P&O began by operating mail, passenger and cargo services between the UK, Spain and Portugal, Egypt, India, Asia, and Australia.…
In the first half of the twentieth century, the Liverpool-based Coast Lines and its twenty subsidiaries carried people, livestock, and cargo between the coastal ports of the British Isles. By the mid-1970s, most services had become part of P&O Ferries.
Researching Coast Lines
The geographical diversity and local operations of Coast Lines and its subsidiaries means that records are held in several national and regional archives.
- P&O’s archival records relating to Coast Line’s (CST) London-based subsidiaries are on permanent loan to Royal Museums Greenwich. The collection can be found and searched in RMG’s online catalogue.
- Records of the parent company and its Liverpool-based concerns (including Zillah Shipping) can be found in the collections of National Museums Liverpool.
- Some Irish material concerning the City of Cork Steam Packet Company can be found at Cork City and County Archives.
- Records of Belfast Steamship Company and other Belfast-related concerns can be found in the collections of National Museums Northern Ireland.
- Records pertaining to the Ayr Steamship Company, Burns & Laird Lines, and William Sloan and Company can be found at Glasgow City Archives.
- Tyne Tees Steam Shipping Company records are held at Tyne and Wear Archives.
- Material on the North of Scotland, Orkney & Shetland Shipping Company as well as the ‘North Company’ and the Aberdeen Steam Navigation Company can be found at Aberdeen University.
Before P&O
Coast Lines Ltd of Liverpool was formed in 1913 by the merger of three companies and was known initially by their joint names: Powell, Bacon, and Hough Lines. The name Coast Lines Ltd was adopted in 1917 when the company was taken over by the Royal Mail Steam Packet Company.
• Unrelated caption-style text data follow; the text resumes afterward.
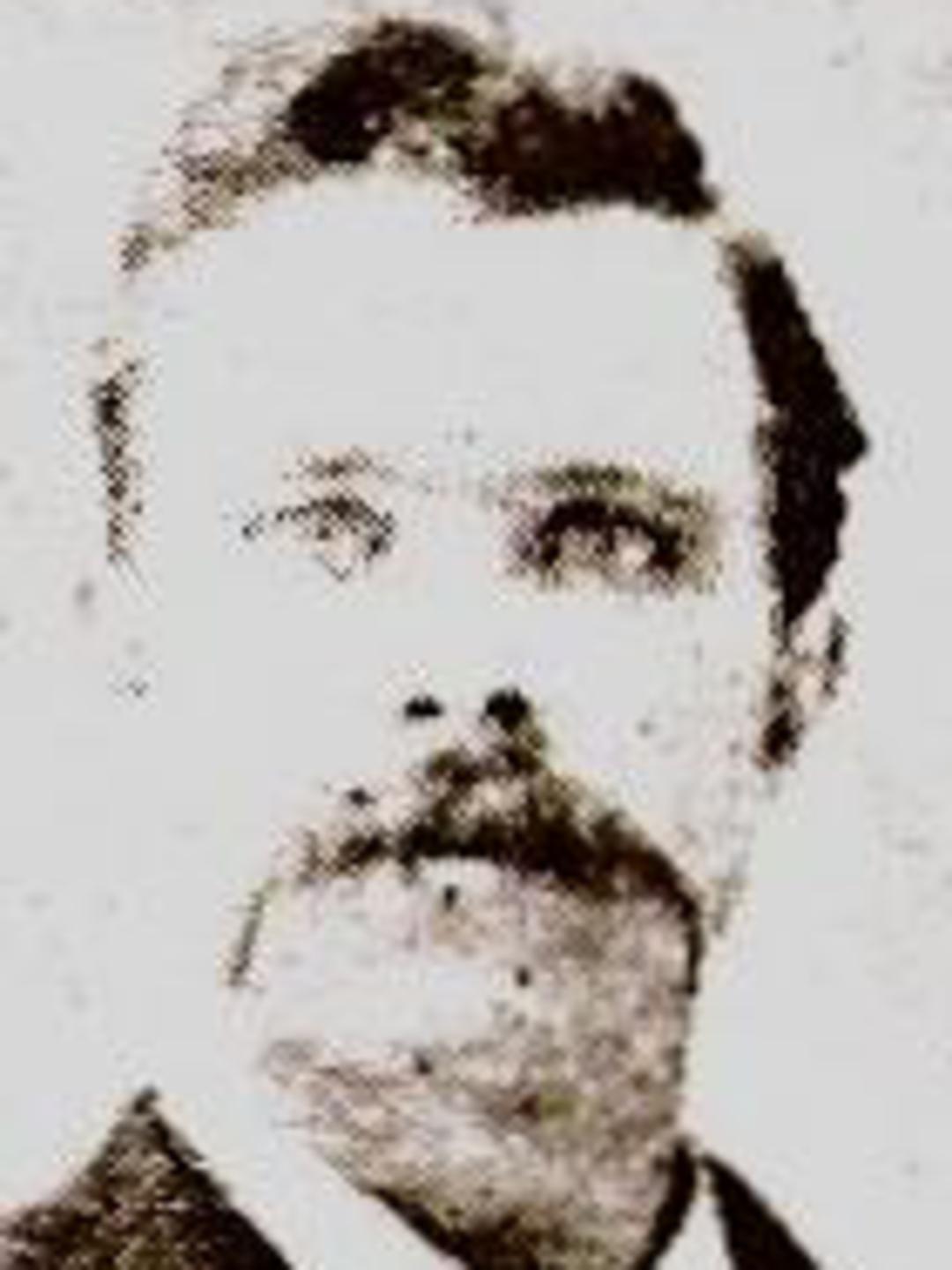 Magnus Gustavus Rolph (1861 - 1905) Profile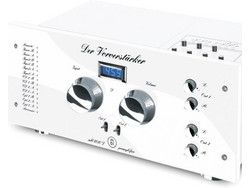 MBL 6010 D Προενισχυτής White/Chrome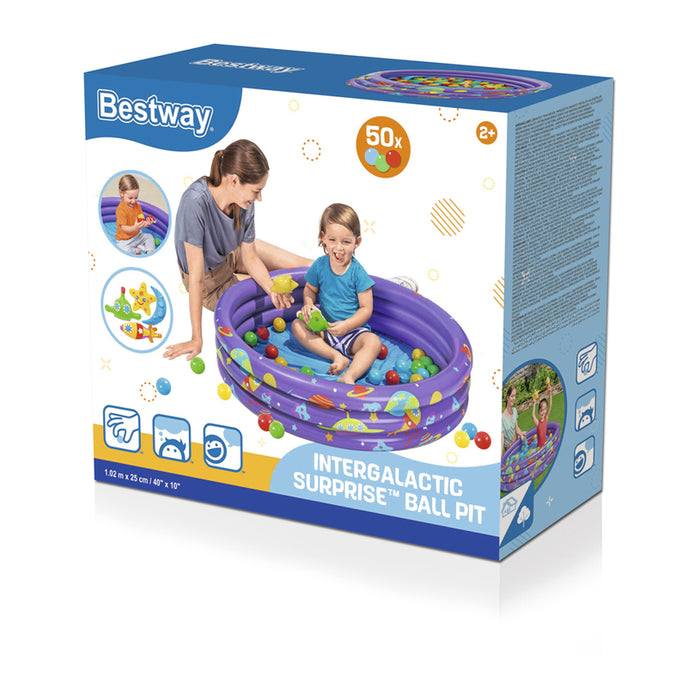 CHILDREN'S POOL F102X25CM BESTWAY 52466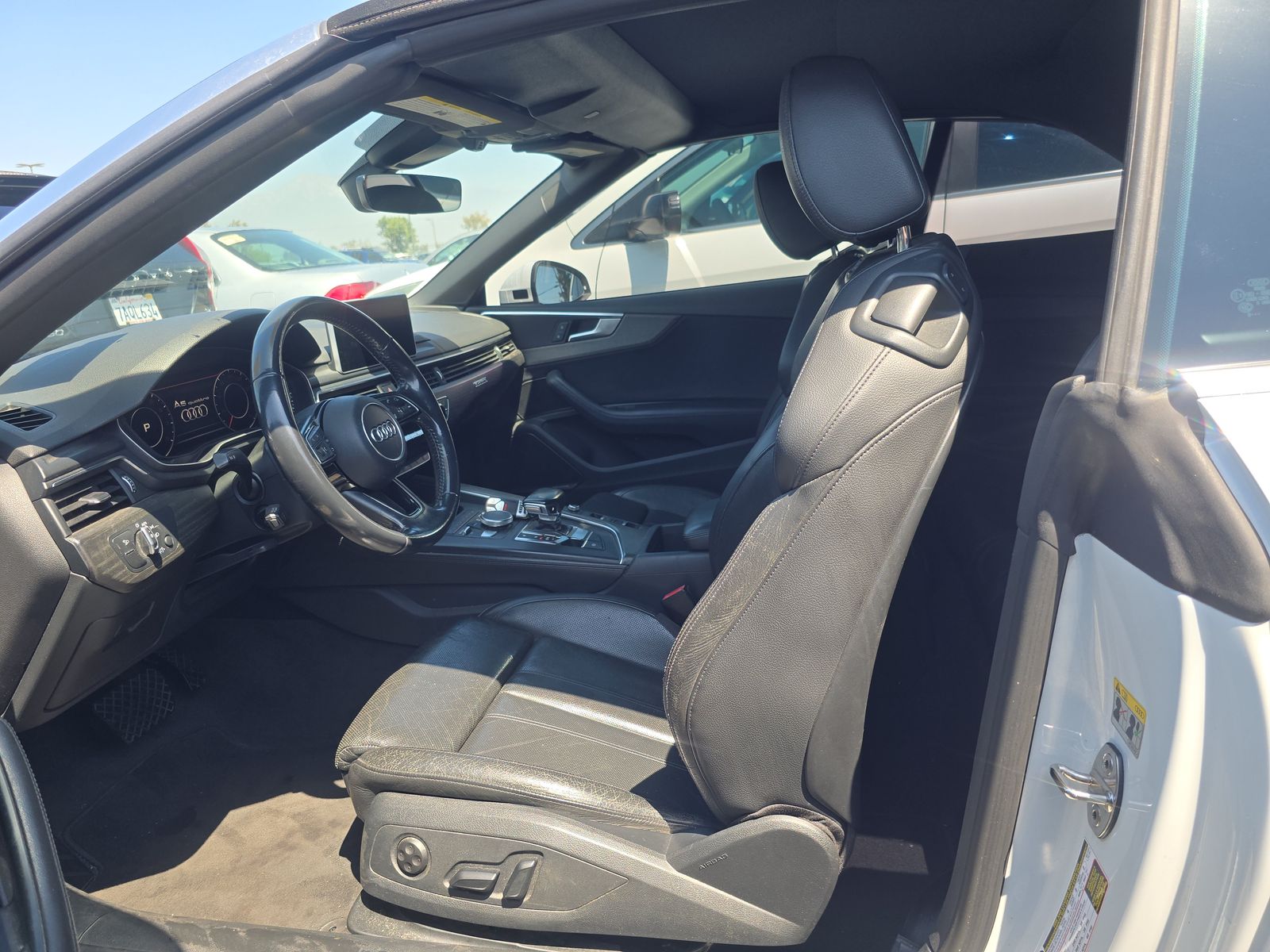 2019 Audi A5 Premium Plus AWD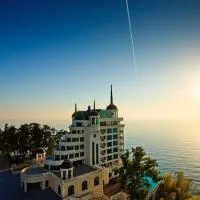 Castello Mare Hotel, hotel v destinácii Kobuleti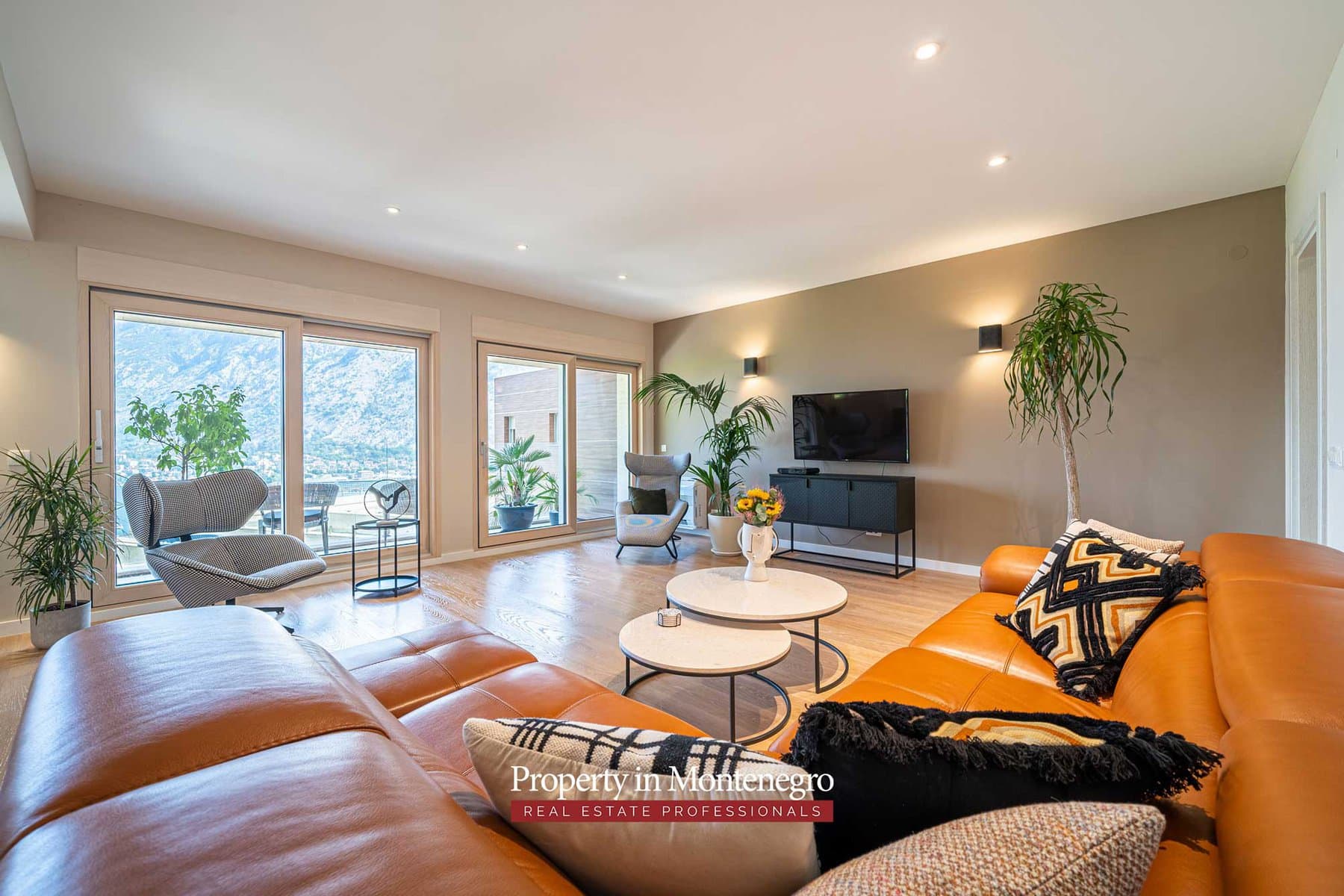 One bedroom apartment for sale in Bay of Kotor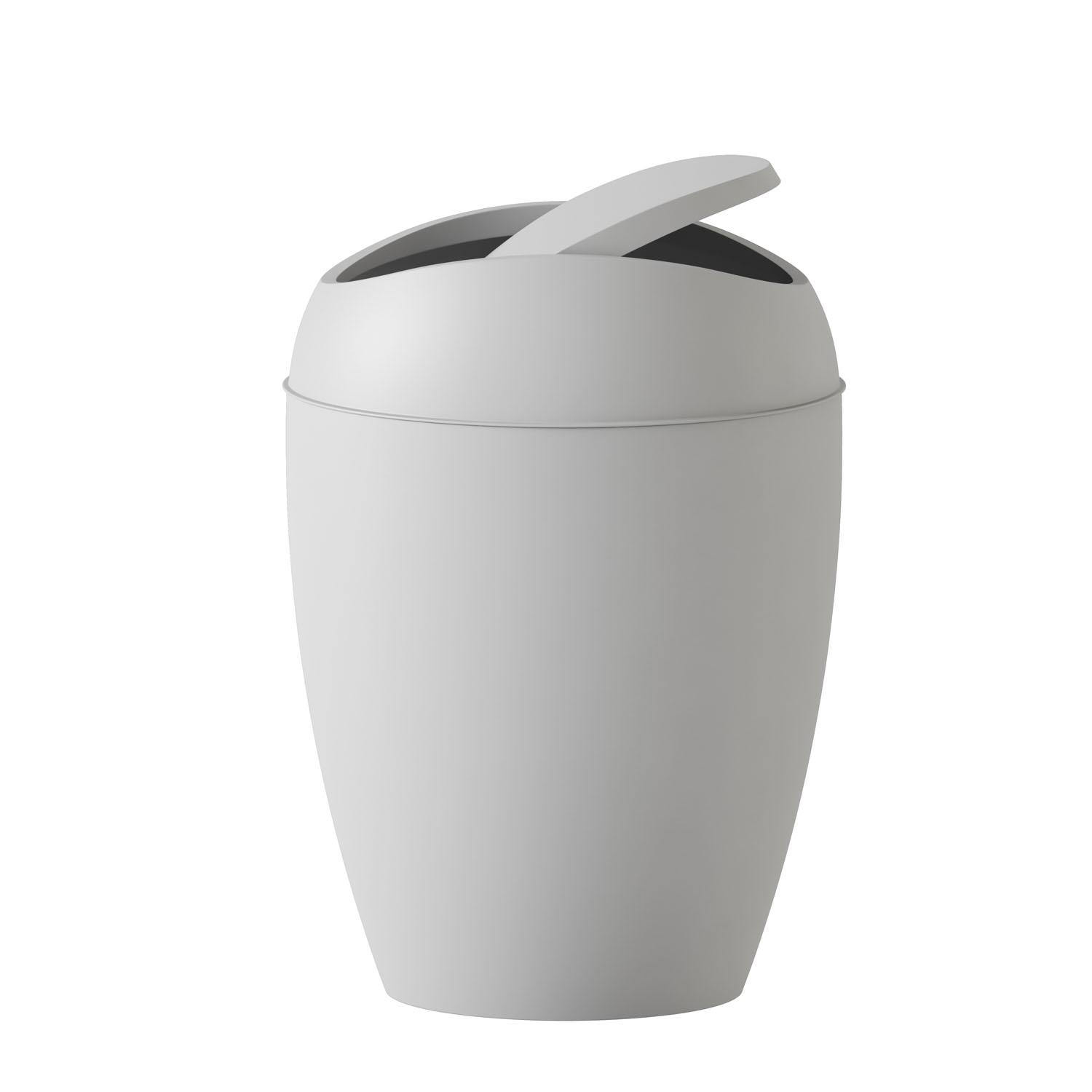 Twirla Swing Top Trash Can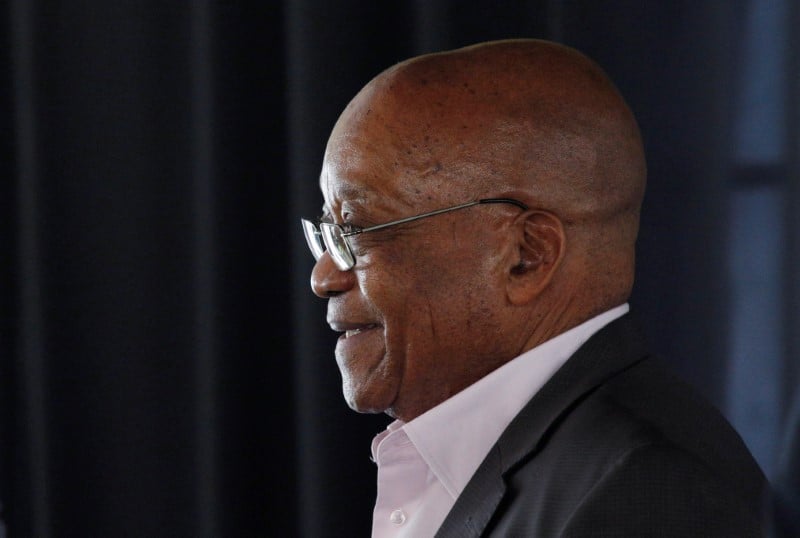 L'anc serre les rangs derriere jacob zuma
After the dissolution of the Royal Mail Group in 1931, Coast Lines became independent once more under the chairmanship of former director Sir Alfred Read (1871–1955).
Between 1917 and 1960 Coast Lines acquired a controlling interest in a large number of coastal shipping companies, eventually numbering about twenty. Among the most important were: the British & Irish Steam Packet Company Ltd (acquired in 1917), City of Cork Steam Packet Company Ltd (1918), Belfast Steamship Company Ltd (1919), Burns & Laird Lines (acquired separately as Laird Line in 1918 and G & J Burns in 1920 and merged in 1922), Tyne Tees Steam Shipping Company Ltd (1943) and the North of Scotland, Orkney & Shetland Shipping Company (1961).
Geographically the Company’s activities spanned the whole of the British and Irish seaboard and extended to the Scottish and Channel Islands. By 1951, Coast Lines had a fleet of 109 ships which carried four million tons of cargo, more than half a million head of livestock and over a million passengers. It marked the high point in the British ‘internal’ (as distinct from international) cross-Channel, freight, and passenger trades, but over time many of the coastal routes declined. The British & Irish Steam Packet Company Ltd was sold to the Irish Government in 1965, together with its subsidiary, the City of Cork Steam Packet Company, and several other companies were closed in the 1960s.
The P&O years
Coast Lines was itself acquired by the P&O Group in February 1971. The takeover brought Coast Lines together with its long-time rival the General Steam Navigation Company, part of the P&O Group since 1920. Both companies were restructured to form P&O Short Sea Shipping, which later became P&O Ferries. By the mid-1970s most of the former Coast Lines identities and liveries had ceased to be used.
Selected bibliography
- Coast Lines by Norman Middlemiss (1998)
- ‘Coast Lines 1917–1970: The Rise and Fall of a Coastal Shipping Empire’ by Roy Fenton in Ships Monthly, October, November and December 1985.
- ‘The World’s Largest Coaster Fleet’ by E R Reader in Sea Breezes, February 1949.